The US Air Force is increasingly using new technologies to hone its warfighting skills. The service has recently performed a wargame in which pilots flew simulated missions involving the combined deployment of high-energy laser pods and two “future kinetic concepts”.
Flying the actual aircraft for various forms of combat is requires a huge amount of money and manpower. That’s why the US Air Force is looking into adopting Virtual Reality (VR), which could not only help cut costs but also provide advanced combat skills to trainee pilots.
The recent wargame was held at Kirtland Air Force Base between January 24 and 28, according to a press release from the Air Force Research Laboratory’s Munitions Directorate.
It was part of a concept called DEKE DEUCE, which explored synergies between directed energy and kinetic concepts in the future battlespace. The Air Force, however, has not disclosed details about “future kinetic concepts”.
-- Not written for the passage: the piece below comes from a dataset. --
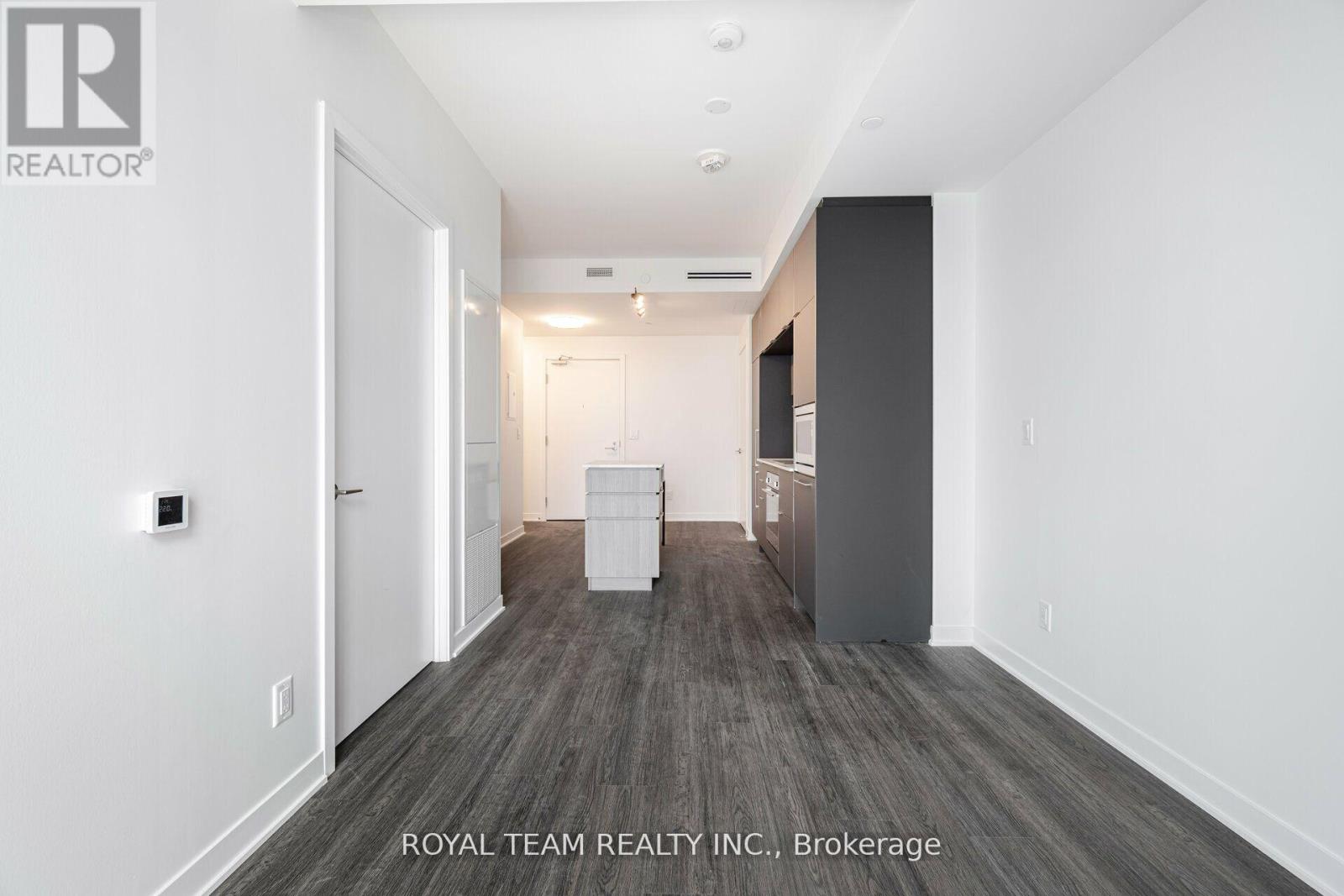 #1107 185 ALBERTA AVENUE - 18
The wargame underscores the USAF’s growing preference for employing these digital spaces for training as well as effort to establish virtual testing environments for weapon system development.
Pilots, weapon systems officers, and air combat managers participated in a series of “virtual vignettes” examining mission sets related to the combined use of directed energy (DE) and kinetic energy (KE) weapons, weaving together prior studies and analysis focused on an “airborne high energy laser pod and two future kinetic concepts”.
Rusty Coleman, an AFRL Munitions Directorate technical advisor, said that the exercise provided a once-in-a-lifetime opportunity for the directorate to demonstrate its kinetic weapons concepts to pilots and other personnel.
“It allowed us to see novel employment concepts that we could not have seen otherwise,” Coleman explained. “The pilots virtually flying the aircraft provided feedback beyond what we could have gotten from any other venue.”
The project brought together multiple defense research communities to study how “next-generation” weapons technology might perform together, according to Dr. Darl Lewis, an AFRL wargaming principal investigator.
“An urgent need exists to rapidly field and integrate viable next-generation weapons, both DE and KE, in response to increasing capabilities and aggressive intentions from our adversaries,” Lewis said.
Projects Under Development
The technology to evaluate in the simulated experiment was a high-energy laser pod and “future kinetic concepts”. However, the details on the latter are still unknown.
AFRL has been developing a Self-Protect High Energy Laser Demonstrator pod, or SHiELD, since 2015, although this has been described as a primarily defensive weapon to intercept incoming missiles.
The Airborne High Energy Laser, or AHEL, is another US Air Force laser weapon technology that will be deployed aboard an AC-130J. Several more airborne laser systems are in the works across the Department of Defense, including programs outside of the Air Force. However, none have reached operational status yet.
It’s unclear whether the DEKE DEUCE experiment’s virtual laser pod is linked to any of these ongoing projects. Moreover, the Office of Naval Research was involved in the DEKE DEUCE trial, and it has been collaborating heavily in the run-up to putting their Elektra battle management model on the table alongside AFRL’s.
ELEKTRA appears to be a networked system with artificial intelligence to help human operators make quicker targeting and engagement decisions. It can also ensure that the appropriate weapons are used in battles to achieve the best results against specific targets.
Comparable to the DEKE DEUCE wargame, the AFRL has already evaluated the use of novel virtual scenarios for new systems and capabilities. In 2021, AFRL partnered with the Johns Hopkins Applied Physics Laboratory to create “the Colosseum”, a virtual environment that provides a “digital representation of the real world” as well as a “live, virtual, constructive capability for weapons research and development”.
Involvement Of Private Sector
Virtual reality is becoming more popular in the Air Force as a way to supplement training. The private sector, in addition to government entities, is also involved in this emerging arena. CBS News reported in 2020 that one of the private sector projects, Red 6, a new firm run by veteran fighter pilot Dan Robinson, is developing augmented reality (AR) technology for fighter pilot training.
The EurAsian Times had previously reported that the US Air Force (USAF) has been experimenting with integrating high-tech solutions provided by ‘Red 6’ for its pilot training routine.
The business has designed the Airborne Tactical Augmented Reality System (ATARS), which allows Augmented Reality (AR) to operate in high-speed, dynamic situations. This technique enables virtual and constructive elements of air combat training to be presented in real-time in the actual environment.
Within-visible-range (WVR) maneuvering against simulated dangers is possible with the technology.
Every squadron can have a specialized “Red Air ” training resource from ATARS. They have the access to an endless amount of virtual training versus hyperrealist projections of near-peer opponents.
It saves time, money, and can accommodate more squadrons than traditional training methods. The US Air Force has been proactively increasing its endeavors to develop and deploy new technologies, keeping the future threat in mind.